Holds rip off and climbs have been and will continue to be permanently damaged due to climbers not respecting this phenomenon. After a heavy storm, the rock will remain wet, sometimes for several days. PLEASE DO NOT CLIMB IN RED ROCKS during or after rain. A good rule of thumb is that if the ground near your climb is at all damp (and not powdery dry sand), then do not climb. There are many alternatives (limestone, granite, basalt, and plastic) nearby.

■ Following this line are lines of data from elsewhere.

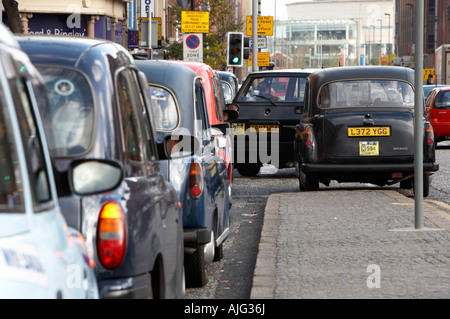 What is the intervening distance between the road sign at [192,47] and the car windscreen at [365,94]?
1456 cm

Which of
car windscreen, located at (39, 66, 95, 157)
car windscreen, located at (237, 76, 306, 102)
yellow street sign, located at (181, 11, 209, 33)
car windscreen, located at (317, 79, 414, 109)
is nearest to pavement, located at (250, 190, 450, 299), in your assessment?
car windscreen, located at (317, 79, 414, 109)

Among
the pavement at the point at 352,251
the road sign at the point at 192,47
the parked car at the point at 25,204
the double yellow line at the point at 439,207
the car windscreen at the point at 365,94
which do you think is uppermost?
the road sign at the point at 192,47

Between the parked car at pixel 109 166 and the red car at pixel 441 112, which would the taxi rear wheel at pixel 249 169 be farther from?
the parked car at pixel 109 166

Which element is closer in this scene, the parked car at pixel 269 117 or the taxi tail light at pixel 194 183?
the taxi tail light at pixel 194 183

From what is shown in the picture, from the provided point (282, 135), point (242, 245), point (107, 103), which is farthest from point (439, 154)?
point (107, 103)

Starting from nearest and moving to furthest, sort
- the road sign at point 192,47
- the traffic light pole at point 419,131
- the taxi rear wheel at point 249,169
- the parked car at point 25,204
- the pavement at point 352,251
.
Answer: the parked car at point 25,204 → the pavement at point 352,251 → the traffic light pole at point 419,131 → the taxi rear wheel at point 249,169 → the road sign at point 192,47

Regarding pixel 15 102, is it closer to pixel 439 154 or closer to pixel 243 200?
pixel 243 200

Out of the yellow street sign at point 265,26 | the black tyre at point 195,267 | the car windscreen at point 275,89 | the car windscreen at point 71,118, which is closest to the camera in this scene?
the car windscreen at point 71,118

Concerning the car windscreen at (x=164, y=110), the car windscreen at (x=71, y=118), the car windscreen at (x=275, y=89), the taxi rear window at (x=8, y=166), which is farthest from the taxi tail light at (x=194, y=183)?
the car windscreen at (x=275, y=89)

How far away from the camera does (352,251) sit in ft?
30.2

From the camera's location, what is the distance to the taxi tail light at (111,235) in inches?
167

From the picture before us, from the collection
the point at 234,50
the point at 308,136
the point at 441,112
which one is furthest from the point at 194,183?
the point at 234,50

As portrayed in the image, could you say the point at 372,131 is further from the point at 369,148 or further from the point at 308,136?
the point at 308,136

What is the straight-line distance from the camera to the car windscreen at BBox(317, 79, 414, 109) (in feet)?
51.3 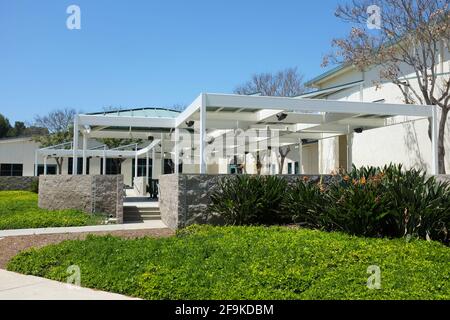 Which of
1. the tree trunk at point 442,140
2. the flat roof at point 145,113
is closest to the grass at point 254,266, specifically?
the tree trunk at point 442,140

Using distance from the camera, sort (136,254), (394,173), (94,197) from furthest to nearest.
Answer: (94,197) → (394,173) → (136,254)

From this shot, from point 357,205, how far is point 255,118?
26.0 feet

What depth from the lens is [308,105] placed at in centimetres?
1302

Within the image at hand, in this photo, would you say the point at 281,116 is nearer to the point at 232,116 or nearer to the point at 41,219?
the point at 232,116

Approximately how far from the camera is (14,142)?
41.9 metres

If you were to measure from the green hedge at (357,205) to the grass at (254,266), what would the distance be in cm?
73

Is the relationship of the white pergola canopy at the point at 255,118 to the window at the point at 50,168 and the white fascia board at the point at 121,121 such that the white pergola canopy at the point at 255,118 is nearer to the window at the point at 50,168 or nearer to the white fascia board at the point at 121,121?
the white fascia board at the point at 121,121

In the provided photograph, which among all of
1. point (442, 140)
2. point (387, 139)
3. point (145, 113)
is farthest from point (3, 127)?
point (442, 140)

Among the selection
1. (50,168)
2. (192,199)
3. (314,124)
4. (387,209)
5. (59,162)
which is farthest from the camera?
(50,168)

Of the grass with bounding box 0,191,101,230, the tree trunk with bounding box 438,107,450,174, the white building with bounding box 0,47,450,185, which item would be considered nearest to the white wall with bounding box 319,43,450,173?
the white building with bounding box 0,47,450,185

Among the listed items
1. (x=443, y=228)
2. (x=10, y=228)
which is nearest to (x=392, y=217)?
(x=443, y=228)

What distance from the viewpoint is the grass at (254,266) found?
566cm

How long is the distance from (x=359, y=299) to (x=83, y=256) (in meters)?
4.76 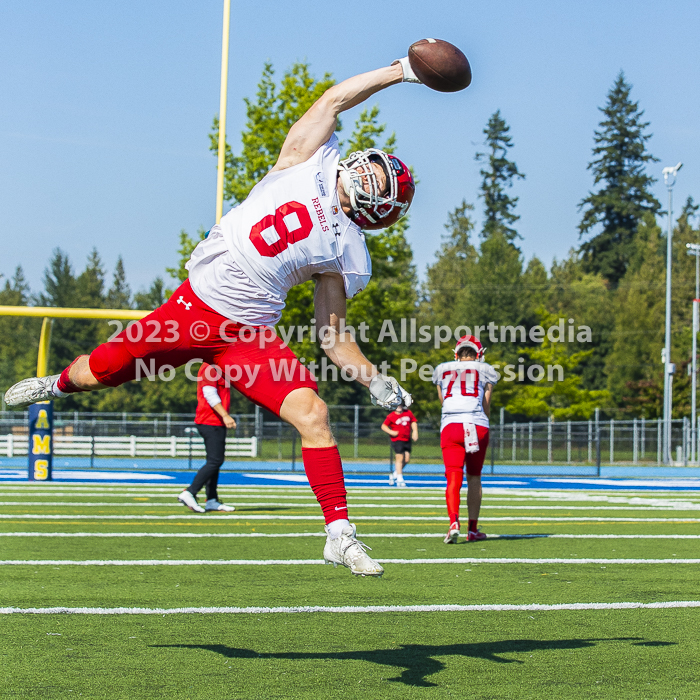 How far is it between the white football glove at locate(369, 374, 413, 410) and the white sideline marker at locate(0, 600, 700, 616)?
4.39ft

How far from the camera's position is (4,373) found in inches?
2689

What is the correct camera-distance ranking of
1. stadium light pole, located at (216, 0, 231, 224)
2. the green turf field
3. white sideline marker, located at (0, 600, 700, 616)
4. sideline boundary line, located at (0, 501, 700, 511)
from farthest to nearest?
1. stadium light pole, located at (216, 0, 231, 224)
2. sideline boundary line, located at (0, 501, 700, 511)
3. white sideline marker, located at (0, 600, 700, 616)
4. the green turf field

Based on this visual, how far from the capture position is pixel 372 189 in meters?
3.99

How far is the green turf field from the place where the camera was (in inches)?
136

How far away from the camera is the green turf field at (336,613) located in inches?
136

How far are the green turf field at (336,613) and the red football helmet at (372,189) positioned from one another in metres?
1.82

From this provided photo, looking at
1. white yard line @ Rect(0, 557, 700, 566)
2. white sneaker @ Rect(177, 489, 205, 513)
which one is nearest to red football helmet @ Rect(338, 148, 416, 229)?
white yard line @ Rect(0, 557, 700, 566)

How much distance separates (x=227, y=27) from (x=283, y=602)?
1291cm

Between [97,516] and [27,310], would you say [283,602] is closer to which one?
[97,516]

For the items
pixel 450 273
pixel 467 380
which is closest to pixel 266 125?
pixel 467 380

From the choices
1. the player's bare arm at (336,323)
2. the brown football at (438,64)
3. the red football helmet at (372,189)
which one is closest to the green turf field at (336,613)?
the player's bare arm at (336,323)

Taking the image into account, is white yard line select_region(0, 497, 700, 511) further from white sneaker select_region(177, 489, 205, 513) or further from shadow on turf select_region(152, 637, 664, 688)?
shadow on turf select_region(152, 637, 664, 688)

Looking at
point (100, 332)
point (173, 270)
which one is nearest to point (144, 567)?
point (173, 270)

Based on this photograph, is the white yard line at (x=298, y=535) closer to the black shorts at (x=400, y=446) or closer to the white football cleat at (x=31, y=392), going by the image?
the white football cleat at (x=31, y=392) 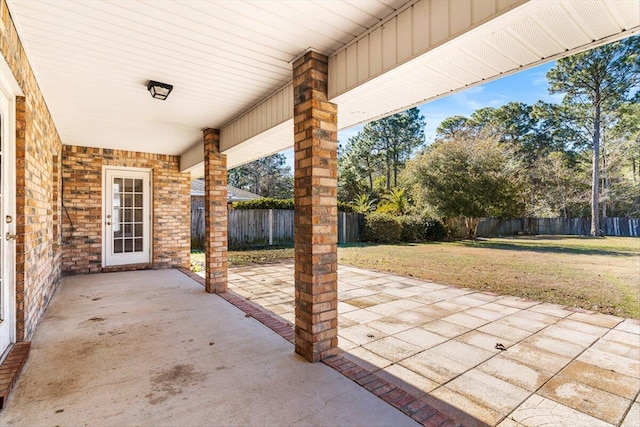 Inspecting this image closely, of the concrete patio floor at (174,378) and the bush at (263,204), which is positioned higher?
the bush at (263,204)

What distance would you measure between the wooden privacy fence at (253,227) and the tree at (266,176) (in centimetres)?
1506

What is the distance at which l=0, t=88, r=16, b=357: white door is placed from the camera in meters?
2.55

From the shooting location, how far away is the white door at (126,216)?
21.8 feet

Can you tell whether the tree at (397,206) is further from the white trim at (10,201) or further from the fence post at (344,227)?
the white trim at (10,201)

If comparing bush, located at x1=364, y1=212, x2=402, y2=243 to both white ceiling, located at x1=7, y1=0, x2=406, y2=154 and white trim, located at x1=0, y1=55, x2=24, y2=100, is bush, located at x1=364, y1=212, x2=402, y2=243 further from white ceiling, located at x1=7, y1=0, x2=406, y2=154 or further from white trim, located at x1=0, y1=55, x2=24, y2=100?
white trim, located at x1=0, y1=55, x2=24, y2=100

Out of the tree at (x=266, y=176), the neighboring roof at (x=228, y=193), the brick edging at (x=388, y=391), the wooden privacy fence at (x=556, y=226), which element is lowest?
the brick edging at (x=388, y=391)

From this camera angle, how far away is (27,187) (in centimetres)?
290

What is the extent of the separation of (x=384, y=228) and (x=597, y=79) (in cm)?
1507

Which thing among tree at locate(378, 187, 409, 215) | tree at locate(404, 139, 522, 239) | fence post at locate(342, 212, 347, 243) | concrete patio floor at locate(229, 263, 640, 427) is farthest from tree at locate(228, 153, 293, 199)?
concrete patio floor at locate(229, 263, 640, 427)

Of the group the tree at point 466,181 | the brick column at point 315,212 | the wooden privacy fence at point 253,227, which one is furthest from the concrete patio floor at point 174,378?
the tree at point 466,181

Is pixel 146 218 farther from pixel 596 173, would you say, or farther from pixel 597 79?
pixel 597 79

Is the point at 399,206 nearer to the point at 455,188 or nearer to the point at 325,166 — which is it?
the point at 455,188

HUMAN WASTE Human waste is one of the major issues plaguing Red Rocks. The Las Vegas Climbers Liaison Council and the AAC provides free "wag bags" in several locations (Black Velvet, First Pullout, Kraft Mtn/Bouldering, The Gallery, and The Black Corridor). These bags are designed so that you can pack your waste out - consider bringing one to be part of your kit (just like your rope and shoes and lunch) no matter where you go. Once used, please dispose of them properly (do not throw them in the toilets at the parking area).
Kudos, again, the the ASCA folks who rebolted this climb, taking from an obscure, old-rusty-bolts-that-will-snap scarefest to a super-safe, super-classic climb. Don't let the 5.11 grade scare you off, the cruxs are very well bolted with big, fat, new, shiny ASCA hangers. This climb is so well bolted, the cruxes could easily be yarded through (A0 style).
Anyhow, get to the route by first finding Wholesome Fullback. After you find this climb, hike climber's right for roughly 300 feet. As you go ascend slightly, you will be heading up into the mouth of a narrow canyon that splits Whiskey Peak and Black Velvet Wall. Keep your eyes peeled up for a bolt 10-15 feet off the deck; this will be the give away for the route's start, and will be on the same wall as Wholesome Fullback, that has now become the left side of the narrow canyon you are heading up. Again, the route will be between 300 and 500 feet climber's right of Wholesome Fullback. As you look up at the super-shiny new hanger, you will see several (3-4) other bolts about 40 feet up, twisting around a corner. Here you are looking at the second pitch, to give you a good idea of how short the pitches really are. So now you have found the climb.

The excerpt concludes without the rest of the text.